● **Supplied records**
● ● ●

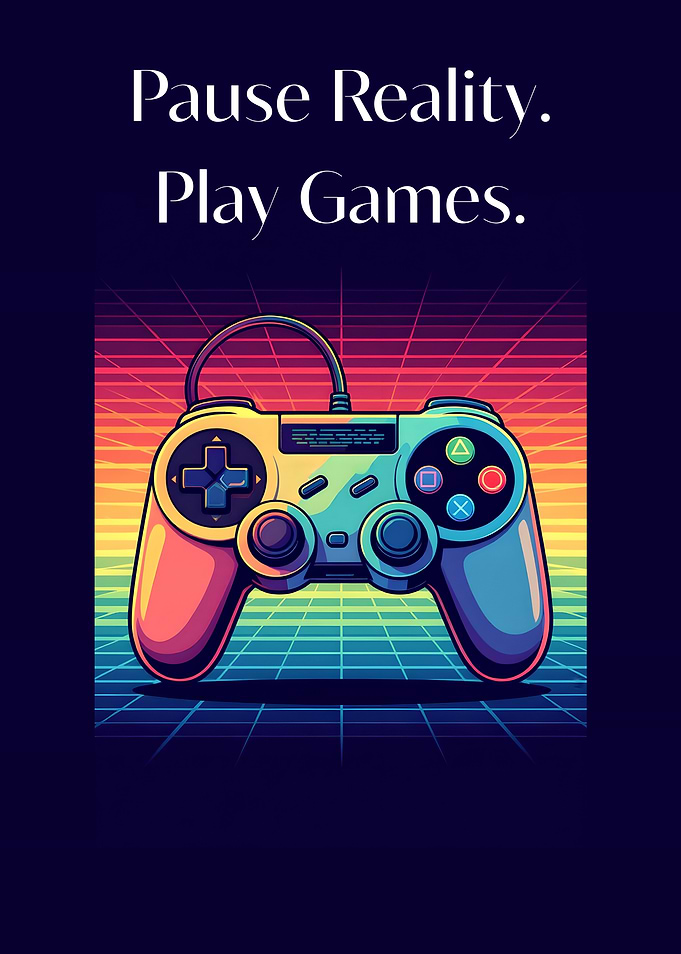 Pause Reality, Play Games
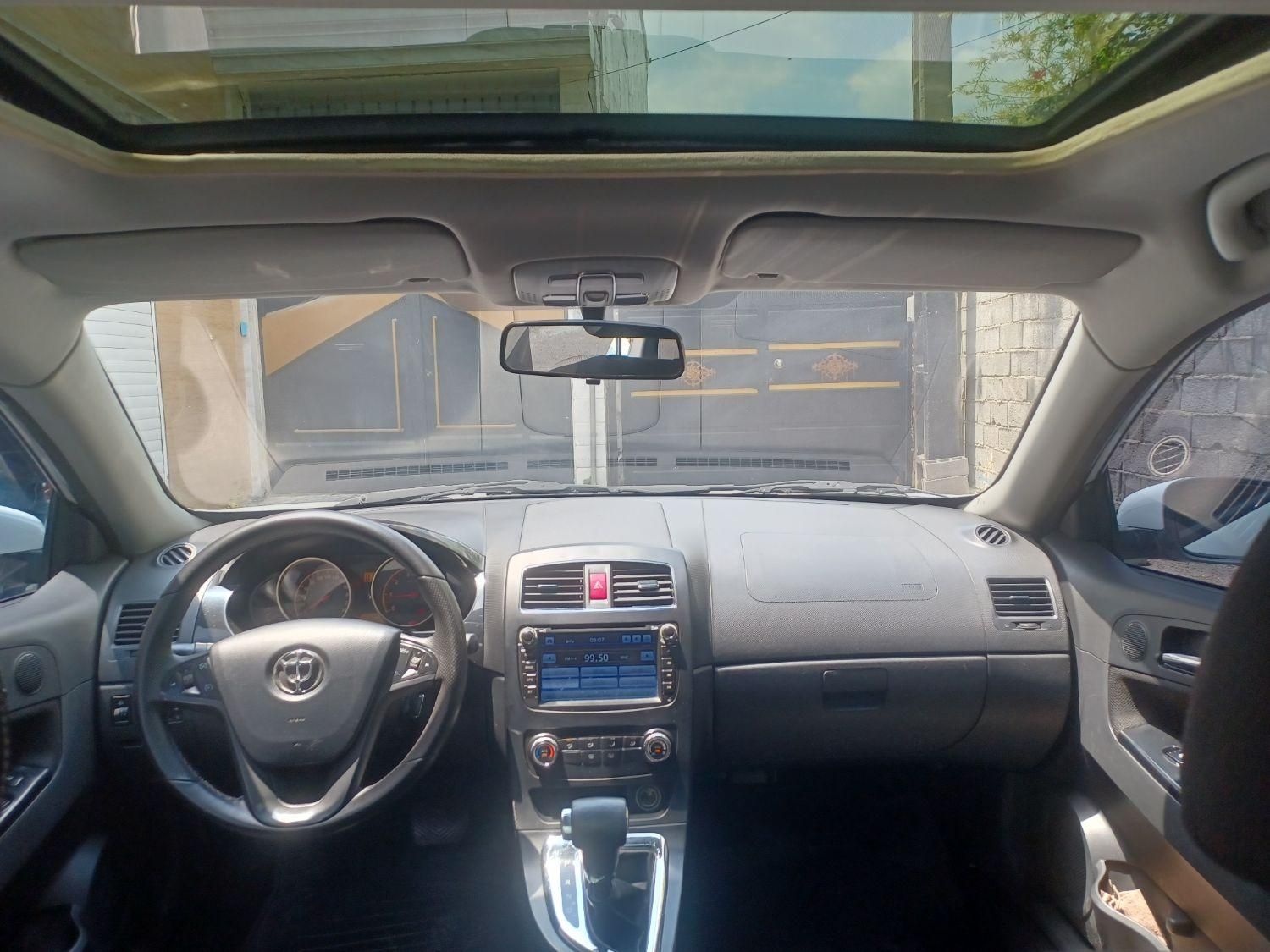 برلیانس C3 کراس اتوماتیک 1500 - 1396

● ● ●

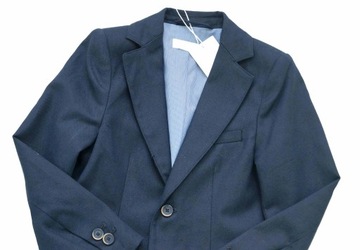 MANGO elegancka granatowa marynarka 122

● ● ●

● **Directions**
Using the records above, repeat exactly the run of lines that starts with the line with "Pause Reality, Play Games" and goes on through the line with "برلیانس C3 کراس اتوماتیک 1500 - 1396"; omit each picture.

● **Problem solution**
 Pause Reality, Play Games
 برلیانس C3 کراس اتوماتیک 1500 - 1396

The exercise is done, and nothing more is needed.